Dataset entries

■ ■ ■

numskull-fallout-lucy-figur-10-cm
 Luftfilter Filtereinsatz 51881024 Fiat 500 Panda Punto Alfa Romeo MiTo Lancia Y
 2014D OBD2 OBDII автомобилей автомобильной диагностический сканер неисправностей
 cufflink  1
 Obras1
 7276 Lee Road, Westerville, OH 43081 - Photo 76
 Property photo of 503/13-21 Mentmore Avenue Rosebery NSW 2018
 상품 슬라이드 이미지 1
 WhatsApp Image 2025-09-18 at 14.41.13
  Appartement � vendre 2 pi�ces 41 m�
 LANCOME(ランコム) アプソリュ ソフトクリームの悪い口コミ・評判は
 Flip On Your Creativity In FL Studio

■ ■ ■

* [What needs to be done]: The data should be transcribed exactly, line for line.

* [Answer for this exercise]:
numskull-fallout-lucy-figur-10-cm
 Luftfilter Filtereinsatz 51881024 Fiat 500 Panda Punto Alfa Romeo MiTo Lancia Y
 2014D OBD2 OBDII автомобилей автомобильной диагностический сканер неисправностей
 cufflink  1
 Obras1
 7276 Lee Road, Westerville, OH 43081 - Photo 76
 Property photo of 503/13-21 Mentmore Avenue Rosebery NSW 2018
 상품 슬라이드 이미지 1
 WhatsApp Image 2025-09-18 at 14.41.13
  Appartement � vendre 2 pi�ces 41 m�
 LANCOME(ランコム) アプソリュ ソフトクリームの悪い口コミ・評判は
 Flip On Your Creativity In FL Studio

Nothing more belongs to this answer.